Dr. Sol Efroni: Improving Cancer-Related Computation

When a patient is diagnosed with lung cancer, doctors typically examine murky X-ray or CT images to characterize its subtype. But what if it were possible to stratify lung cancer through the crystal clear means of mathematics? This was one question posed by the IMPROVER Diagnostics Signature Challenge, an international competition designed to assess computational approaches to classifying clinical samples.

With some 50 teams in the running, top honors went to BIU Dr.

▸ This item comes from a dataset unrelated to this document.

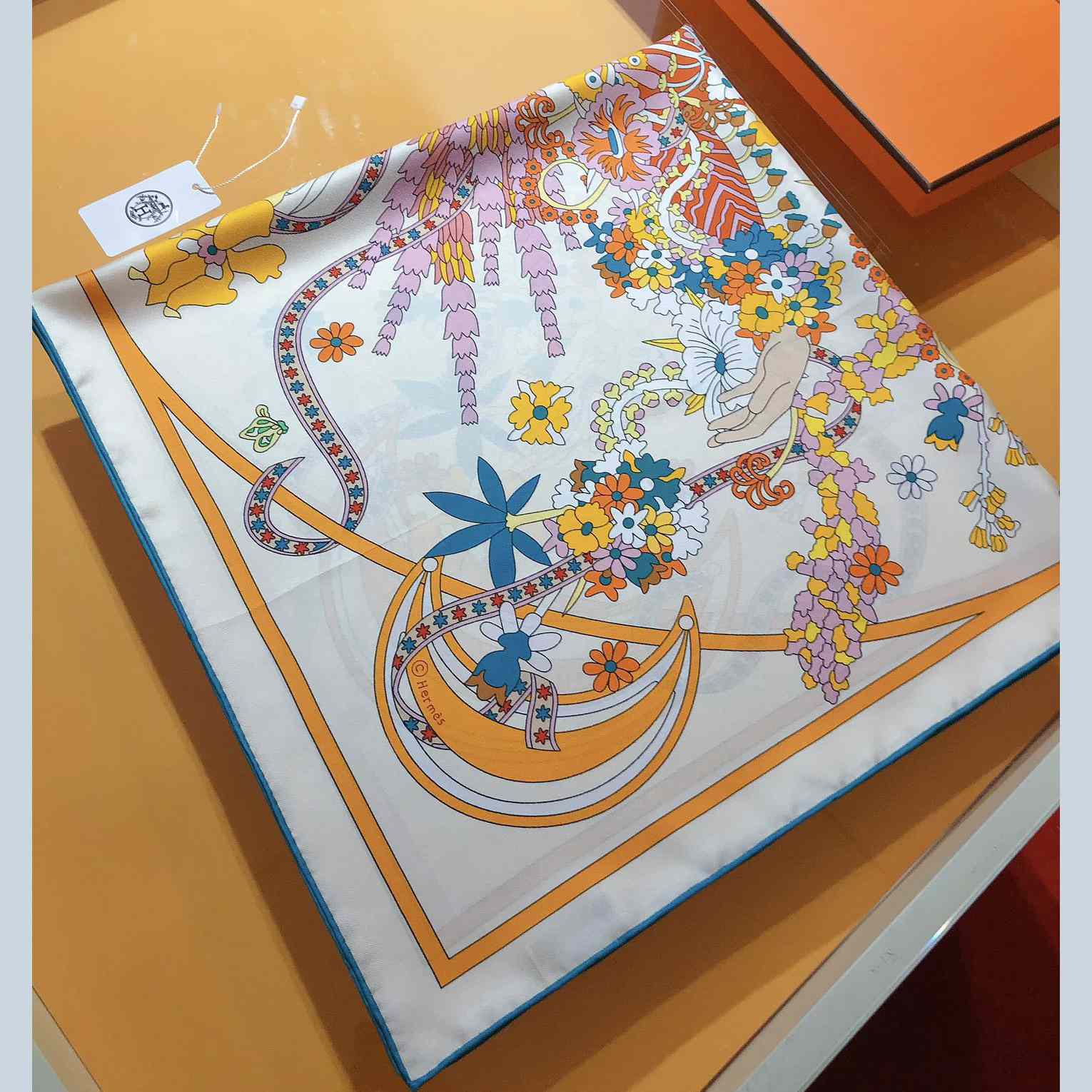 Hermes La Danse Du Printemps Scarf   90cm - everydesigner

Sol Efroni and his PhD student Rotem Ben-Hamo, for their method of deriving clinically significant information from gene expression data. “Doctors need imaging to direct cancer surgery, but molecular methods are becoming ever more important for determining post-operative treatment,” says Efroni. “Our goal in this competition was to establish predictive ‘signatures’ based on unlabeled gene expression data from tissue samples, and to link a particular computational outcome with a specific tumor type and prognosis.”

Efroni, who joined BIU after completing his post-doc at the National Cancer Institute at the NIH in Maryland, as part of a cohort of retuning scientists BIU continues to bring back from abroad, reversing Israel’s brain drain, is a member of the Institute of Nanotechnology and Advanced Materials (BINA), and a senior lecturer at the Mina and Everard Goodman Faculty of Life Sciences.

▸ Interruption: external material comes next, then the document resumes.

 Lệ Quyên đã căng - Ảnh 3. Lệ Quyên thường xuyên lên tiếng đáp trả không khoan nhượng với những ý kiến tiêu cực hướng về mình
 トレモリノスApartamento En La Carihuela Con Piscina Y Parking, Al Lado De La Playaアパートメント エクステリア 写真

Over the years, Efroni has contributed significantly to the field of systems biomedicine, having designed and implemented an approach now known as Reactive Animation that facilitates the visual, computer legible and intuitive simulation of complex multi agent systems through reactive technology of reactive animation. RA allows the experimenter to intervene mid-simulation, suggest new hypotheses for cellular and molecular interactions, apply them to the simulation and observe their resulting outcomes "on-line."

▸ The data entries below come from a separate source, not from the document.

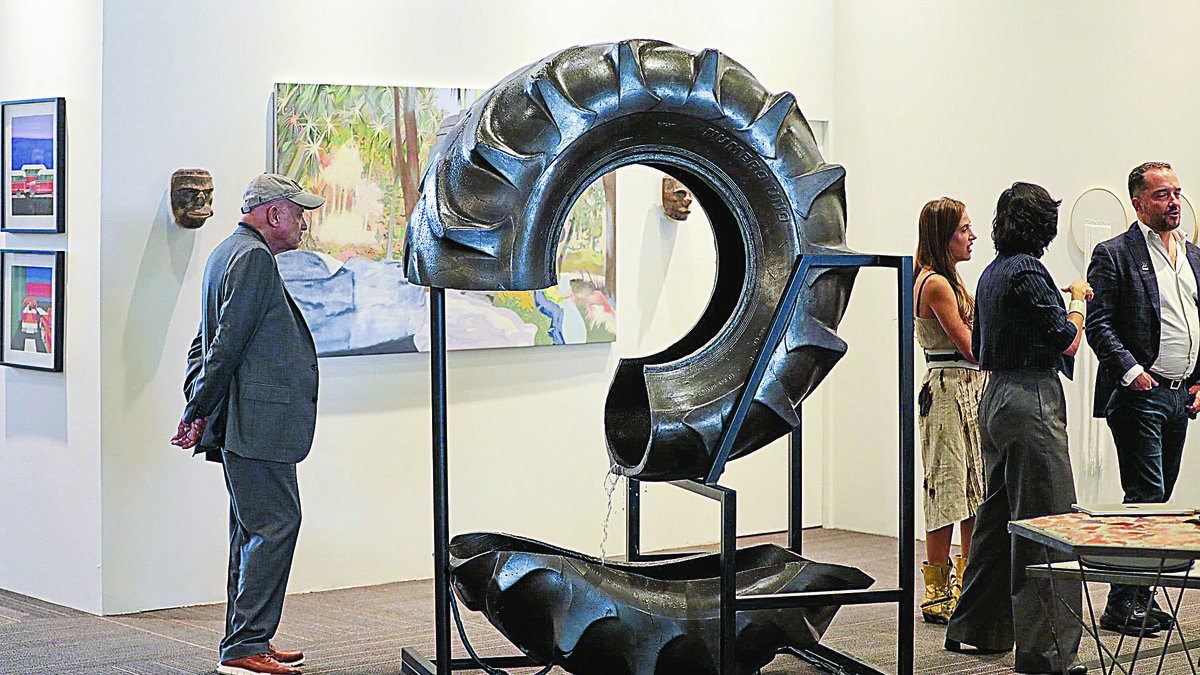 ¡Empezó ArtBo! ¿Qué hay para ver (y comprar) en la feria de arte más importante de Colombia?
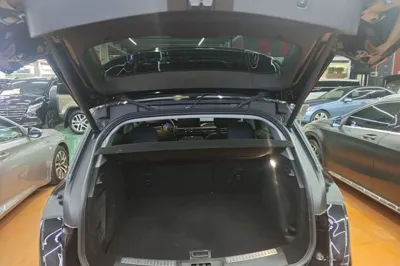 Lincoln Corsair 2022, 89700 км, за 114219.95 CNY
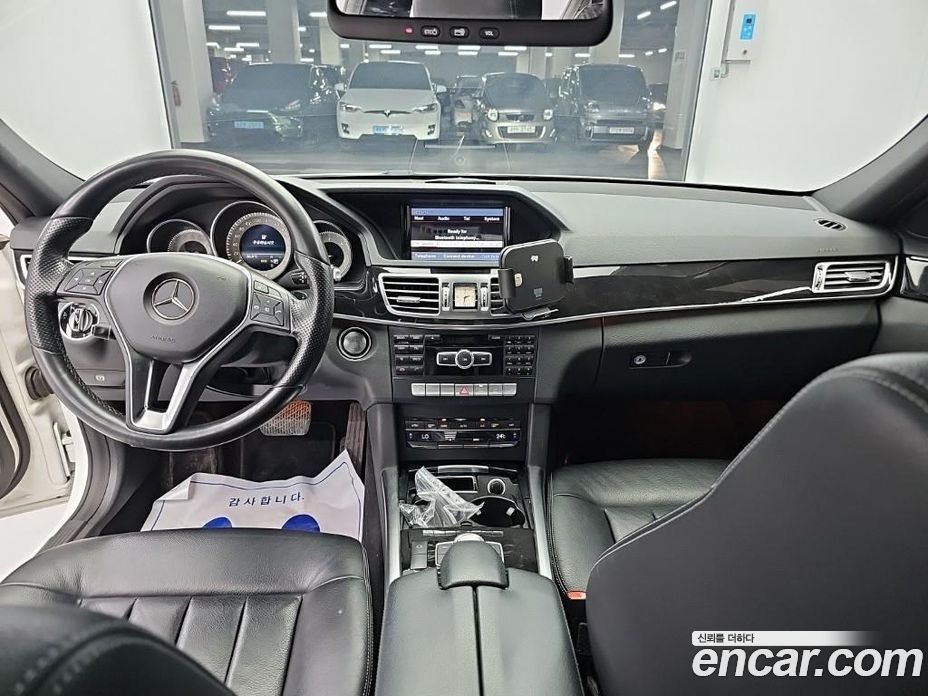 Mercedes-Benz E-Class W212 фото 7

As head of BIU's Systems BioMedicine Lab, Efroni, who holds a PhD from the Weizmann Institute, also performs pioneering systems biology network analysis in order to identify and quantify the network-wide changes that occur during the development of malignant disease. His ultimate goal is to understand the cancer phenotype, in particular breast cancer, ovarian cancer, and liver cancer, and to identify targets for therapeutic intervention.

 “In systems biomedicine, we study not only the genes, but the networks of gene-regulated activity that drives disease,” he says. “We want to see how gene expression forms the basis of connected biological pathways that result in a particular outcome. These pathways, in turn, can point the way toward targeted therapy.” In order to promote research in this field, in 2013 Efroni has launched (and is Editor in Chief of) Systems Biomedicine – a peer-reviewed journal focusing on how the emerging field of systems biology can yield clinically relevant results.